2. Si l'enseignement ainsi exposé ne peut pas être défini dans une revendications avec suffisamment de précision pour écarter tout échec, une telle revendication ne donne lieu à aucune objection, à condition qu'il soit possible de déduire de la description les mesures à prendre - qui ne peuvent elles non plus, être définies de façon précise - dans le sens d'un ajustement affiné des variables.
Dispositions juridiques pertinentes :
European Patent Convention 1973 Art 83
European Patent Convention 1973 R 29
Mot-clé : Exposé de l'invention
Mise en oeuvre
Echec occasionnel
Contenu des revendications
Exergue :

-

Décisions citées :
-
Décisions dans lesquelles
la présente décision est citée :
T 0079/88
T 0155/88
T 0312/88
T 0453/88
T 0475/88
T 0291/89
T 0435/89
T 0623/89
T 0082/90
T 0410/90
T 0791/90
T 0376/91
T 0393/91
T 0418/91
T 0444/91
T 0656/91
T 0886/91
T 0931/91
T 0951/91
T 0117/92
T 0503/92
T 0573/92
T 0585/92
T 0068/93
T 0583/93
T 0024/94
T 0140/94
T 0356/94
T 0799/95
T 0518/96
T 1067/96
T 0354/97
T 0470/97
T 0488/97
T 1055/98
T 1149/98
T 1163/98
T 0620/99
T 0363/00
T 1082/01
T 0327/02
T 1146/02
T 0260/03
T 0936/03
T 0108/04
T 0169/04
T 0895/04
T 1253/04
T 0510/05
T 1576/05
T 0364/06
T 1743/06
T 0431/07
T 1614/07
T 1133/08
T 0119/12
T 1034/12
T 2374/13
T 1064/15
T 0377/17
T 0594/20
T 2015/20
T 0603/22

Exposé des faits et conclusions

I. La demande de brevet européen n° 79 300 604.0, déposée le 11 avril 1979 et publiée le 17 octobre 1979 sous le numéro 0 004 795, pour laquelle est revendiquée la priorité d'une demande antérieure japonaise déposée le 12 avril 1978, a été rejetée par décision de la Division d'examen de l'Office européen des brevets du 18 août 1982, sur la base de la revendication 1 modifiée, telle que déposée avec la lettre datée du 8 juin 1982. Cette revendication est libellée comme suit:

"Procédé pour la production d'une résine de chlorure de vinyle comprenant la polymérisation soit a) de chlorure de vinyle, soit b) d'un mélange d'une quantité prépondérante de chlorure de vinyle et d'une quantité moindre d'au moins un monomère copolymérisable, en présence de 0.01 à 10 % en poids. par rapport au poids du chlorure de vinyle monomère, d'au moins un monomère polyfonctionnel ayant deux ou plus de deux liaisons éthyléniques doubles dans sa molécule, caractérisé en ce que l'on conduit la polymérisation jusqu'à ce qu'au moins 60 % en poids du total des monomères dans la système de polymérisation soit polymérisé, et cela à une température de 0 à 50°C, la quantité et l'identité du monomère polyfonctionnel, le pourcentage de conversion du total des monomères et la température de polymérisation, ainsi que, dans le cas de b), la quantité et l'identité du monomère copolymérisable étant choisis de façon à produire une résine de chlorure de vinyle consistant en

i) 10 à 80 % en poids d'une fraction, sous forme de gel, de résine de chlorure de vinyle insoluble dans le tétrahydrofuranne et

ii) 90 à 20 % en poids d'une fraction soluble dans le tétrahydrofuranne ayant un degré moyen de polymérisation de 1 000 ou plus".

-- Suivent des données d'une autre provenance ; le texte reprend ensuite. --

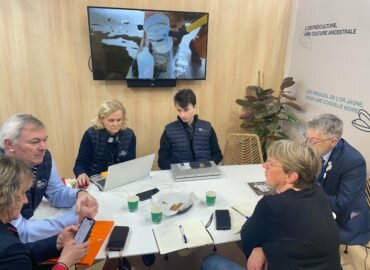 Salon de l’Agriculture 2024 : à la rencontre des conchyliculteur·ice·s et de la filière pêche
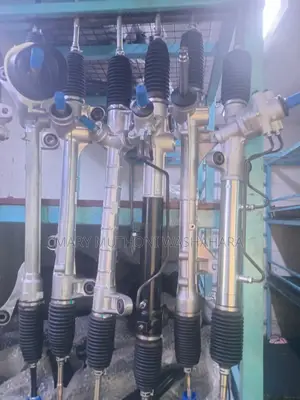 Complete Steering Rack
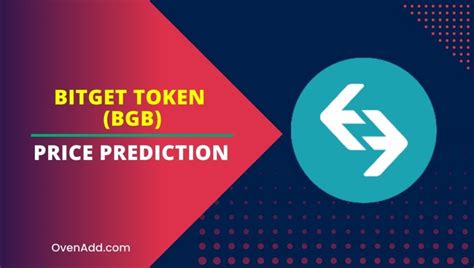 Bitget Token BGB Price Prediction 2024 2025 2030 2035 How High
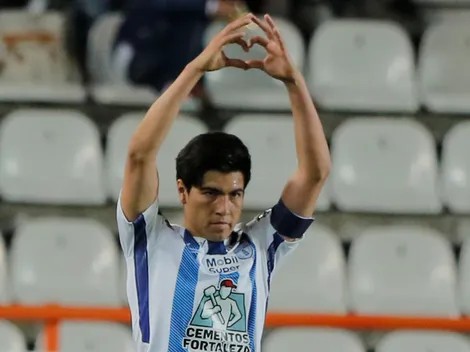 El ilusionante antecedente de Érick Gutiérrez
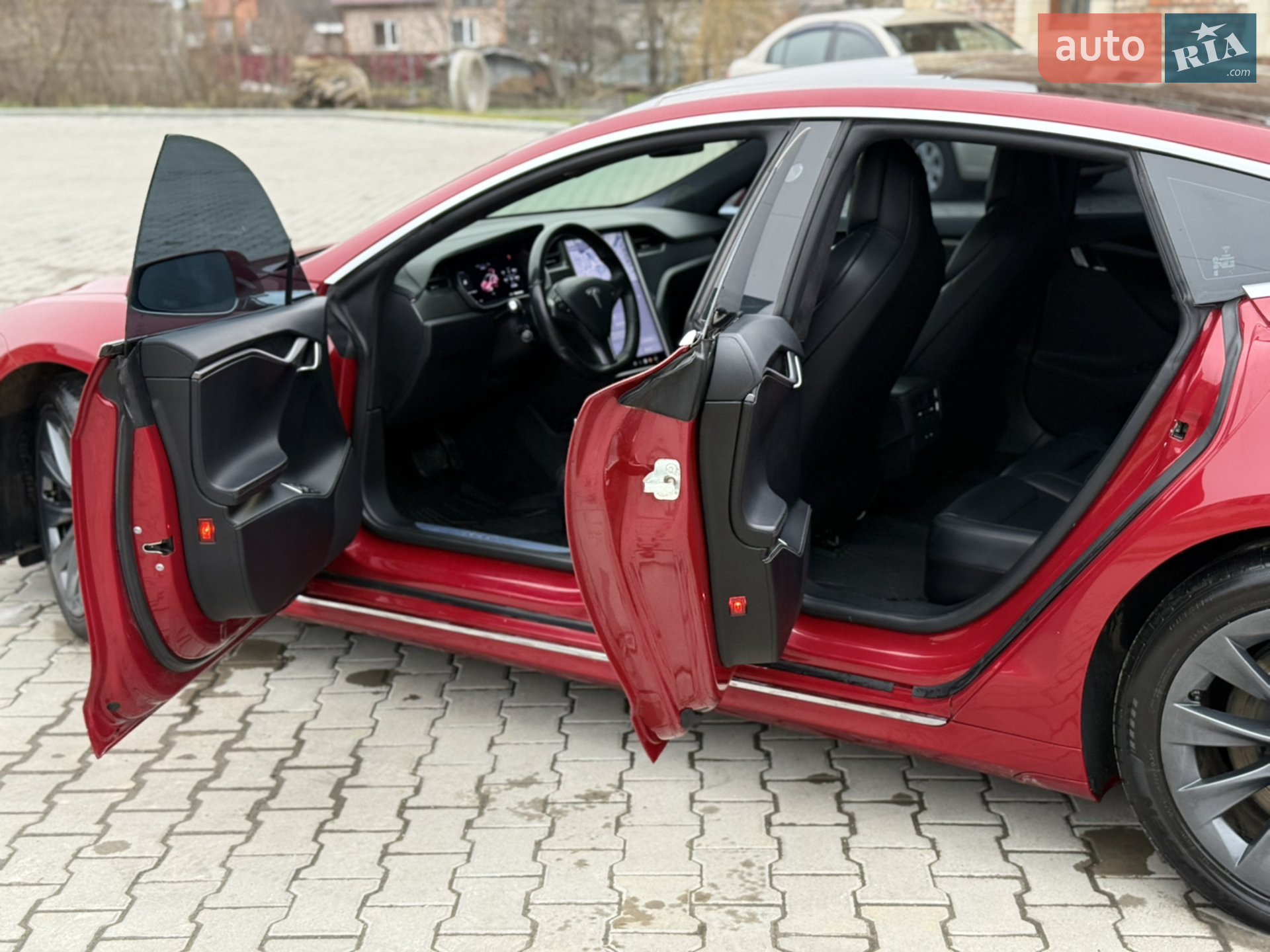 2018 Tesla Model S - мініатюра 17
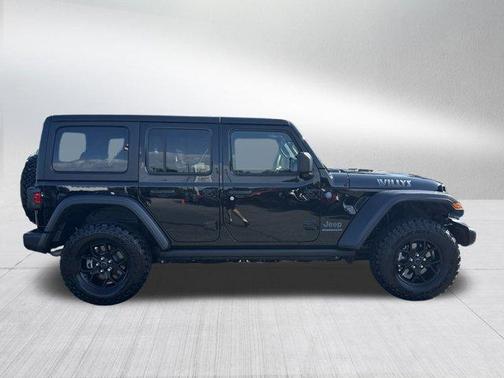 2024 Jeep Wrangler 4xe Sport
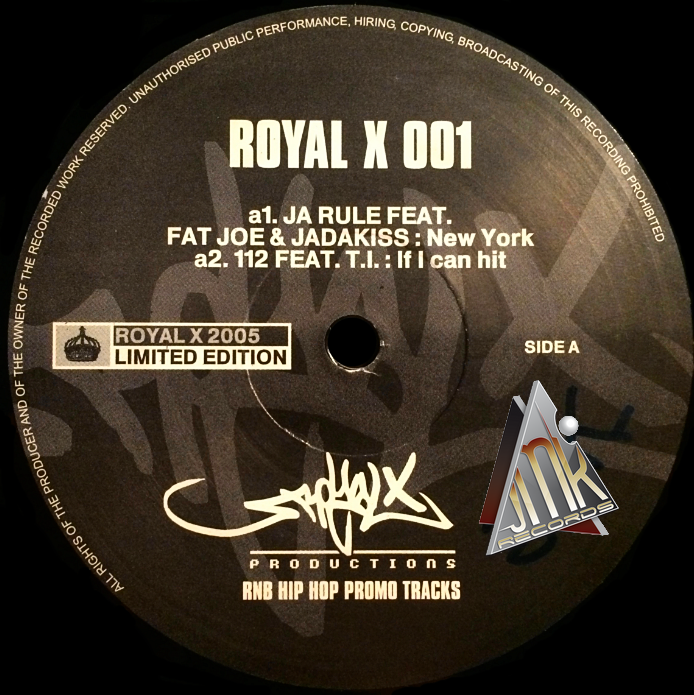 ROYAL X 001 – Image 2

II. La Division d'examen a rejeté la demande au motif que l'exposé est insuffisant en vertu de l'article 83 de la CBE. Ni la revendication 1, ni le contenu de la demande dans son ensemble ne permettent à l'homme du métier de sélectionner aisément les paramètres requis pour que la préparation de la résine soit uniformément couronnée de succès. On ne saurait admettre (cf. la décision "Valorisation des métaux" du 13 octobre 1982 JO n° 4/83, p. 133) qu'expérimenter 4 à 6 paramètres différents afin d'obtenir la méthode correcte de polymérisation, puis tester le produit quant à sa teneur en gel et sa masse moléculaire en vue d'établir que le résultat final souhaité a été atteint soit une affaire de simple routine pour l'homme du métier.

La question de la recevabilité et de la clarté de la revendication 1 n'a pas été abordée et l'examen quant au fond de la demande en cause a été différé.

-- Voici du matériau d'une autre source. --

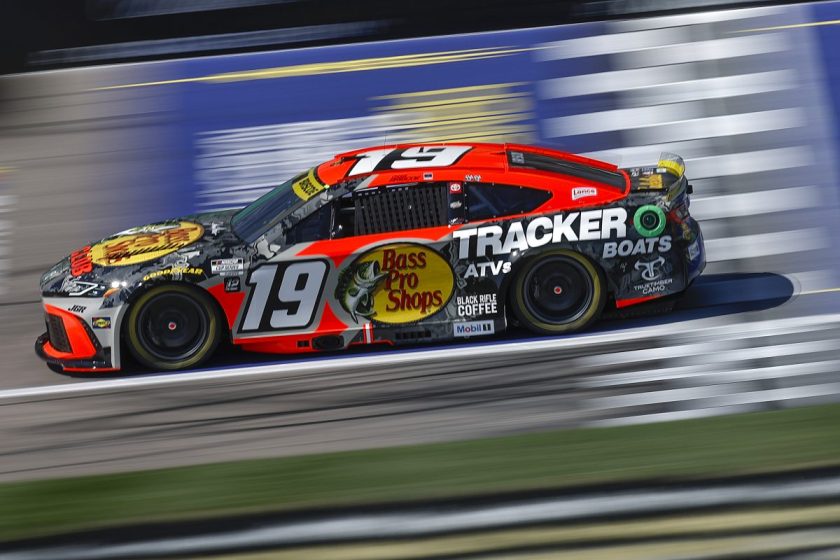 A NASCAR-szponzor botrányos kijelentése a pártatlanságról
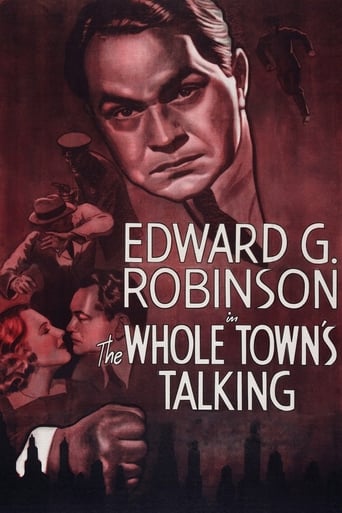 The Whole Town&#39;s Talking (1935)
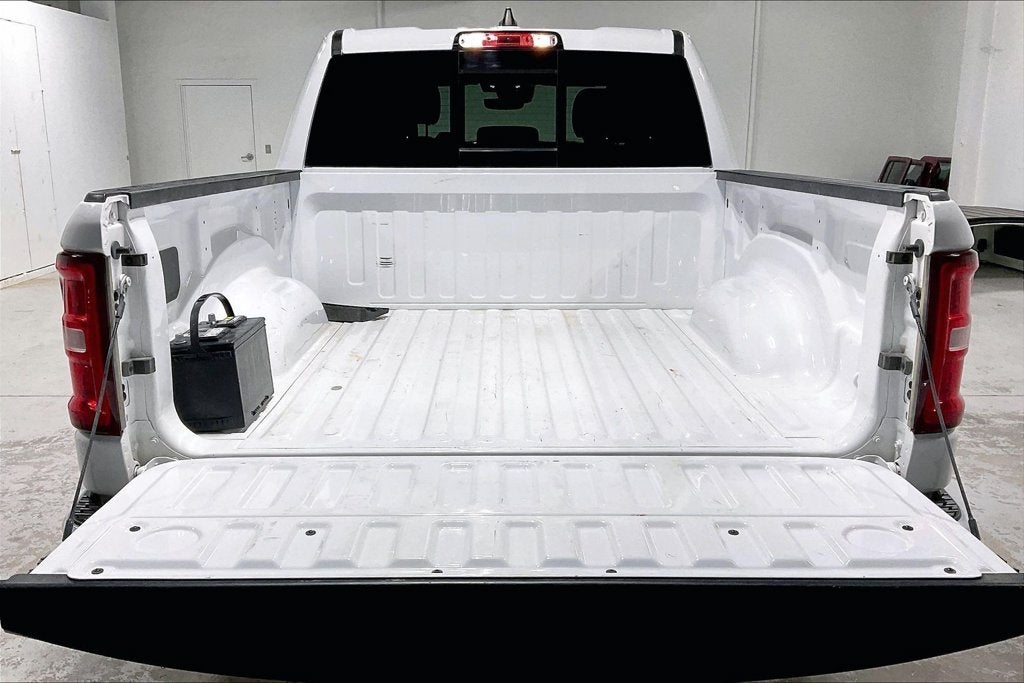 2025 RAM 1500 Laramie Crew Cab 4x4 5'7' Box
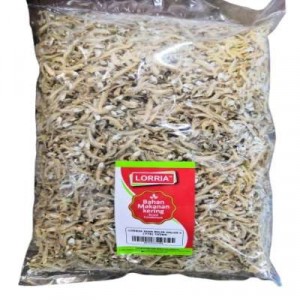 LORRIA IKAN BILIS HALUS C (778) 1X2KG LORRIA IKAN BILIS HALUS C (778) 1X2KG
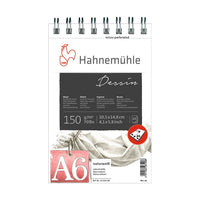 Szkicownik DESSIN z HAHNEMÜHLE | Artmie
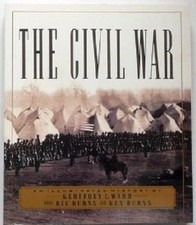 The Civil War Commemorative Boxed Set (Book+6 DVD+Soundtrack)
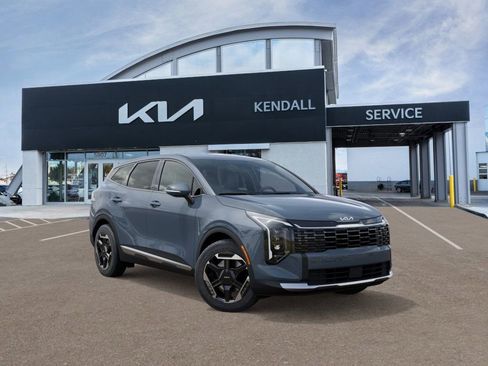 New 2026 Kia Sportage S image 8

III. Les requérantes ont formé un recours contre la décision de la Division d'examen le 28 octobre 1982, et déposé le 22 décembre 1982 un mémoire en exposant les motifs auquel étaient jointes deux revendications modifiées dans lesquelles les deux possibilités a) et b) visées sous I, relatives au mode de réalisation de l'invention, étaient scindées en deux revendications distinctes.

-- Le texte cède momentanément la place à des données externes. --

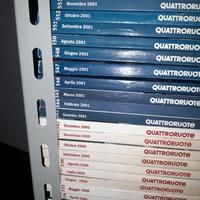 Collezione Quattroruote dal 1991 al 2008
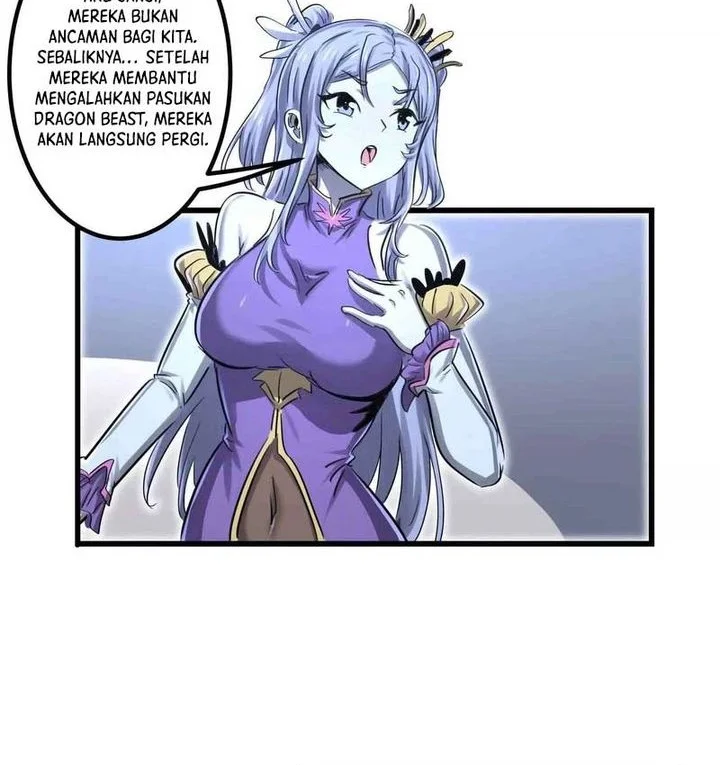 My Clone is the Space Bug King Chapter 69 halaman 31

La revendication 1 spécifie maintenant, allèguent les requérantes, que l'homme du métier doit choisir trois paramètres, à savoir la quantité et l'identité du monomère polyfunctionnel ainsi que la température de polymérisation, de façon à préparer le produit requis. Pour sélectionner le monomère polyfonctionnel, l'homme du métier devrait simplement recourir à son expérience, puis il modifierait les deux autres paramètres en utilisant une quantité particulière de monomère polyfonctionnel et une température particulière se situant grosso modo au milieu des intervalles permis ou dans les gammes préférées. Il vérifierait ensuite si le produit obtenu a la composition voulue, ce qui nécessite des mesures de la teneur en gel de la fraction insoluble dans le tétrahydrofuranne (ci-après dénommée "fraction gel") et du degré moyen de polymérisation de la fraction soluble dans le tétrahydrofuranne (ci-après dénommé "degré de polymérisation" de la "fraction soluble"). Dans la plupart des cas, même si l'homme du métier ne choisissait pas ces valeurs pour la température et la quantité de monomère polyfonctionnel, le produit obtenu aurait tout de même la composition requise.

Dans le cas où il ne parviendrait pas à obtenir la composition recherchée, l'homme du métier pourrait clairement déduire des tableaux 1 à 3 de la description la manière d'atteindre l'objectif envisagé.

Les requérantes allèguent que la revendication 2 mentionne à présent deux paramètres supplémentaires affectant la composition du produit, mais qu'il s'agirait de paramètres classiques pour l'homme du métier. En effet, ainsi qu'il ressortirait de l'Annexe III au mémoire exposant les motifs du recours, l'équilibre entre la teneur en gel et le degré de polymérisation n'est pas notablement affecté par la présence d'un comonomère monofonctionnel.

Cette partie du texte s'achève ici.